- The location of the shooting
- Location: 37°59′33″N 80°30′33″W﻿ / ﻿37.99253°N 80.50927°W Williamsburg, West Virginia, United States
- Date: December 8, 2020; 5 years ago
- Attack type: Mass murder; Arson; Mass shooting; Murder-suicide; pedicide;
- Weapons: .410 gauge single-shot shotgun
- Deaths: 6 (including the perpetrator)
- Injured: 0
- Perpetrator: Oreanna Myers

= 2020 Williamsburg massacre =

Familicide in West Virginia, U.S.

On December 8, 2020, in Williamsburg, West Virginia, United States, 25-year-old Oreanna Myers shot and killed five children, aged between one and seven, with a shotgun before setting her house on fire and committing suicide. Myers was the biological mother of three of the children, and the stepmother of the other two. It is the worst mass shooting in West Virginia history alongside the rampage of Mark Storm in 1997.

== Incident ==
At around 2:30 p.m. (EST) on December 8, 2020, in Williamsburg, West Virginia, 25-year-old Oreanna Myers was seen picking up two of her children from a bus stop. Myers was the biological mother of three of the children, and the stepmother of the other two. She shot all five of her children with a .410 single-shot shotgun before setting their two-story house on fire in an act of arson. Myers then left the building and fatally shot herself outside, where her body was found alongside the shotgun near a picnic table. She had shot herself in the head, and there was a "red line drawn across her face and the bridge of her nose, underneath her eyes, that went from ear to ear”. It took until December 12 to find and identify all the victims' bodies.
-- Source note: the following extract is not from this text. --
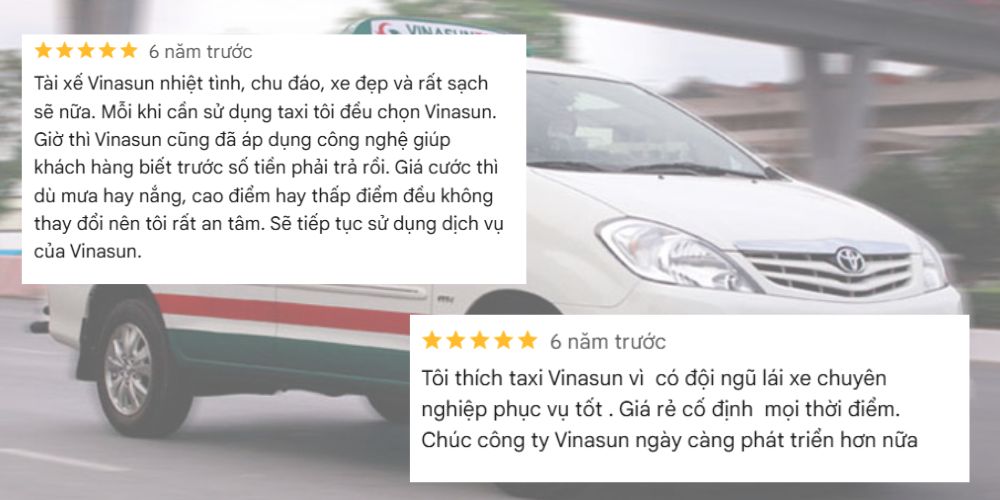 Feedback khách hàng về dịch vụ taxi Vinasun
911 was alerted of the property on fire at 3:30 p.m., and fire crews arrived at 3:50 p.m. to find the home badly damaged. Myers' body was found just before 4:30 p.m. along the home's south side. Myers' husband, Brian Bumgarner, had been away from the home at various times across a 10-day period before the incident. This was due to a recent car accident which made him decide to stay with other family members so he could get rides to work.
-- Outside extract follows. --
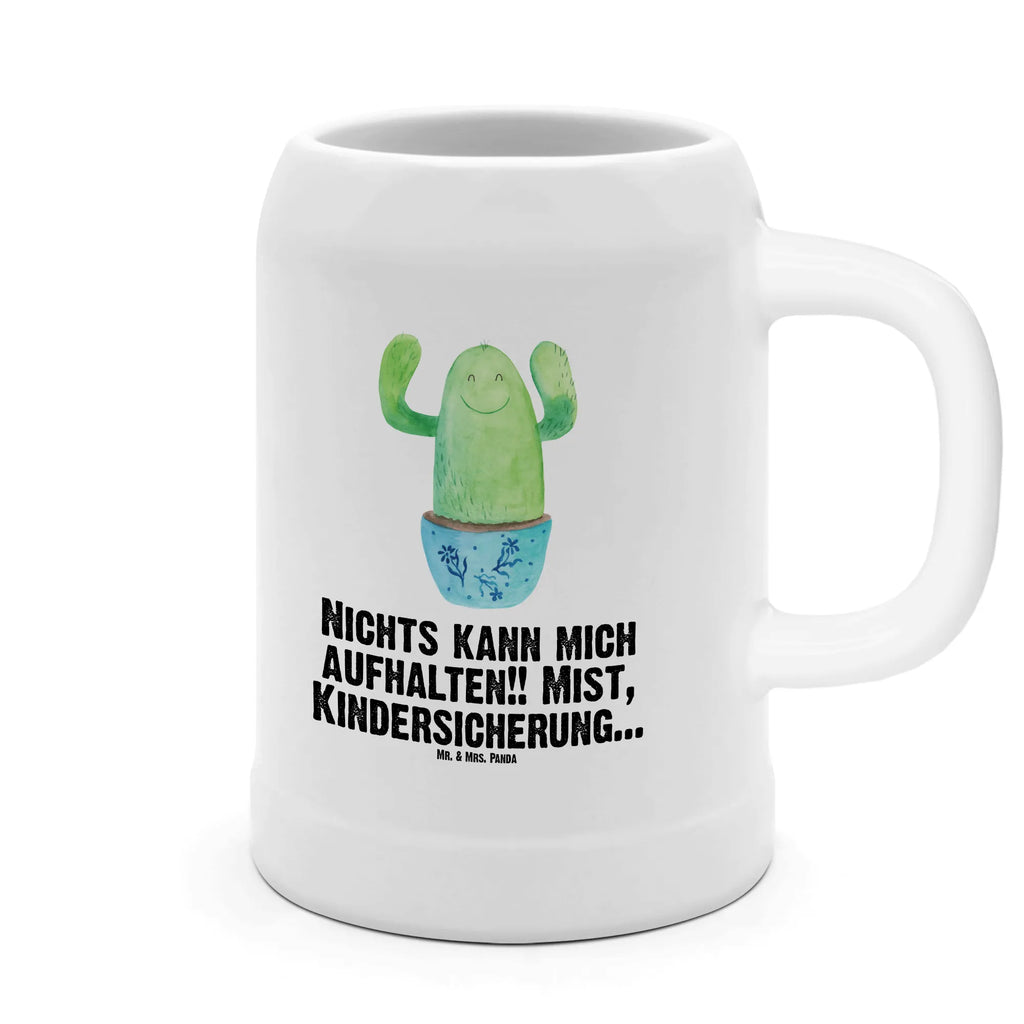 Kufel piwny kaktus Szczęśliwy Bierkrug, Bierkrüge, Bierkrug Steingut, Steinkrüge, 0, 5 l, 500ml, Krug, Kaktus, Kakteen, Motivation, Spruch, lustig, Kindersicherung, Neustart, Büro, Büroalltag, Kollege, Kollegin, Freundin, Mutter, Familie, Ausbildung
Three handwritten suicide notes were found in their car, one of which was a confession to the murder of all five children and her suicide. The notes stated that "This is no one’s fault but my own" and included apologies to her husband and discussion of her struggles with mental health.

== Aftermath ==
During a December 7, 2021 hearing of the Joint Committee on Children and Families, CPS was questioned for their actions regarding the case. One of the children murdered in the incident had been seen by a dentist, who noted that the child was scared of his father and had a large bruise. The father was also seen verbally abusing the child outside. CPS was called on August 10, four months before the shooting, but the call was ended by the operator and the reporter was told that there would be no investigation. A protocol was added as of October 2021 to make sure every call made to centralized intake is recorded by CPS and Senator Stephen Baldwin planned in the aftermath to introduce laws reforming how CPS deals with possible crimes against children.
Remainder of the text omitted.